Instructions to follow =
In the data below, find the line containing "Quality Inn and"; reproduce that line and all subsequent lines exactly, and nothing else.

Dataset entries:
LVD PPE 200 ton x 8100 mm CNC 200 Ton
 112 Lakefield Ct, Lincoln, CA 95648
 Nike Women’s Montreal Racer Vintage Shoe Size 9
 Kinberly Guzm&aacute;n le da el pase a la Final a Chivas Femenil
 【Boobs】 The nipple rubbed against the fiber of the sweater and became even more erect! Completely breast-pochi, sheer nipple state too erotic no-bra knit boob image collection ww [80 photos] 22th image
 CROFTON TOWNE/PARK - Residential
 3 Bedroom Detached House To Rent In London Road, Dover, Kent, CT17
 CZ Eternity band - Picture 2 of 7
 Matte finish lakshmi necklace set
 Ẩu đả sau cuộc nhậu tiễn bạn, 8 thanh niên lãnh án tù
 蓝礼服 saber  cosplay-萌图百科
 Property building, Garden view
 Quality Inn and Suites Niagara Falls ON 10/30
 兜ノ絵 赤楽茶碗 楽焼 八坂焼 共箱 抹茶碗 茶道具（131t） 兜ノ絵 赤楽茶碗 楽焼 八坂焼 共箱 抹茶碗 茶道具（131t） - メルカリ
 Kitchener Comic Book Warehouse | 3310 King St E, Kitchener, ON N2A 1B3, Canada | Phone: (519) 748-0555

Answer for the task =
 Quality Inn and Suites Niagara Falls ON 10/30
 兜ノ絵 赤楽茶碗 楽焼 八坂焼 共箱 抹茶碗 茶道具（131t） 兜ノ絵 赤楽茶碗 楽焼 八坂焼 共箱 抹茶碗 茶道具（131t） - メルカリ
 Kitchener Comic Book Warehouse | 3310 King St E, Kitchener, ON N2A 1B3, Canada | Phone: (519) 748-0555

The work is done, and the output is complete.